Accusations of illegal payments have been around for as long as football has been played. In 2006 Panorama’s undercover report alleged that several high profile figures in our professional game had been involved in accepting money during the course of transfer negotiations. Included were Redknapp and Kevin Bond. No prosecution has ever been brought on the basis of the evidence revealed either by the programme, the subsequent police investigations or the Operation Quest inquiry set up by the FA to look at the wider problem within the game. Neither has anyone successfully sued the BBC; Bond dropped his pending case in the summer.
However, David Conn reported in the Guardian on June 24th that the FA are keeping their powder dry until the results of an investigation into unpaid tax are available. In Conn’s words:
“That began as a City of London Police investigation the police consistently described as into football “corruption”, with dramatic dawn raids on the houses of Redknapp and the agent Willie McKay.
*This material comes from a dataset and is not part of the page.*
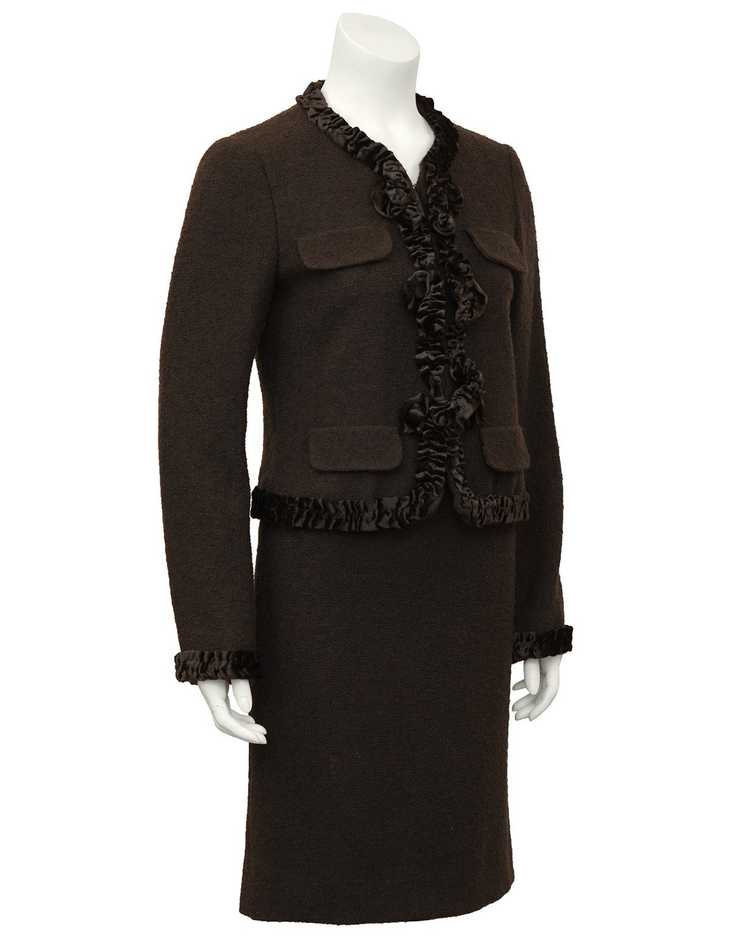 Moschino Brown Wool and Velvet Skirt Suit - image 1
Redknapp successfully sued the police for conducting the arrest unlawfully and the judge, Lord Justice Latham, described the case as follows.
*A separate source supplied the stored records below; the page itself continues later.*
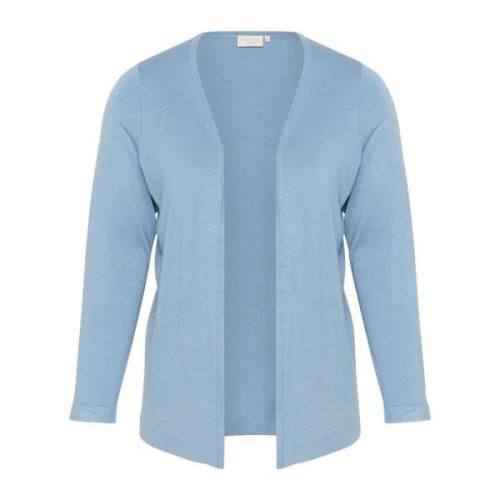 Kaffe Curve Öppen Front Cardigan Faded Denim Blue, Dam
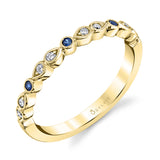 Blue Sapphire Diamond Band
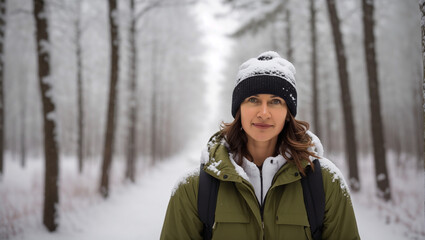 middle-aged woman in the snow, close-up of woman looking at camera in winter clothes and hat with snow. copy space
“It was suspected that [Harry Redknapp] as manager of [Portsmouth], together with the managing director Peter Storrie, and the club’s then owner and chairman Milan Mandaric, may have conspired together to make disguised payments to a player, Amdy Faye, using the agent William McKay to receive payments offshore.”
Guardian June 24th.
So if the case is re-surfacing, it’s interesting but hardly the stuff of front-pages. Certainly the club would have known about these issues when both Bond and Redknapp were appointed as it is old news.
Later yesterday the blogs and messageboards picked up the snippet and it flashed around the net. Also nothing out of the ordinary here.
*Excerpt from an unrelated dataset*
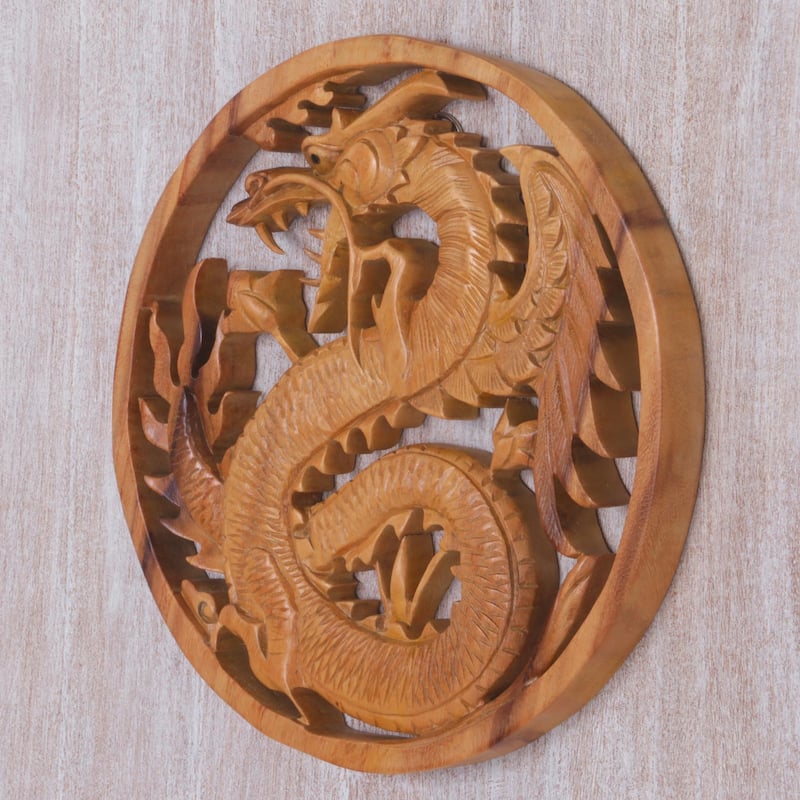 Novica Handmade Enraged Dragon Wood Relief Panel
From then on, the story shifts away from the courts and onto the net. The early morning passed as normal, with the usual rumours and previews of the match tomorrow, including this blog’s. At 11.12 there was a statement from William Hill. The odds on Redknapp being the next Premier League manager to lose his job had plummeted from 40/1 to just 5/1. “Rumours were sweeping the football world”, or so Hills claimed. Their spokesman admitted that it was probably “unsubstantiated gossip”.
This cyber crisis now had a life of its own. Whatever the bandwagon, everyone was jumping aboard, creating an unstoppable momentum. By 12.30, the odds had fallen to 2/1. A little later Paddypower had stopped taking bets. Several other sites picked up the story, still without any factual basis other than the bookies’ odds. The Mail was the first of the dailies at 12.20. By 14.24 the Metro’s headline is, “Has Redknapp left Spurs?” at half past his odds are down to evens.
Around the same time, good messageboard sources reported that there was no truth to these rumours and as I write (5pm), official denials have followed.
So what happened? The answer is almost certainly nothing. The implications of an unsubstantiated messageboard post (I’m sure it was a true account of the information to hand but at no time was this independently corroborated in any of the accounts that I have mentioned today) have spiralled out of control. It’s a crisis that has been entirely created by the internet rumour-mill. Reading the rumours on the net is great fun usually, if sometimes, when my mood is downcast, a little irritating. But we all know that it has to be treated with caution. Don’t we?
There is another less plausible but sinister explanation, that we have been the victims of a betting scam. All I understand about betting is that you give the bookie your money and never see it again. This scam, however, has been tried before this season, with bets on Benitez to leave Liverpool and Ribery to arrive. Basically the price is driven down in the short term so the perpetrators can achieve long term gains by ‘buying back’ when Harry stays.
The real issue is the case itself, and that has always been hanging around, like a sword of Damocles dangling above the future prosperity of our club. We had conveniently put this to one side as Harry has done such a fine job for us on the field, but the fact is, we employed two people, Redknapp and Bond, knowing that their past was at best murky. If the problems, the real problems that is, emerge from the shadows into the full glare of the spotlight, the whole club could be tainted.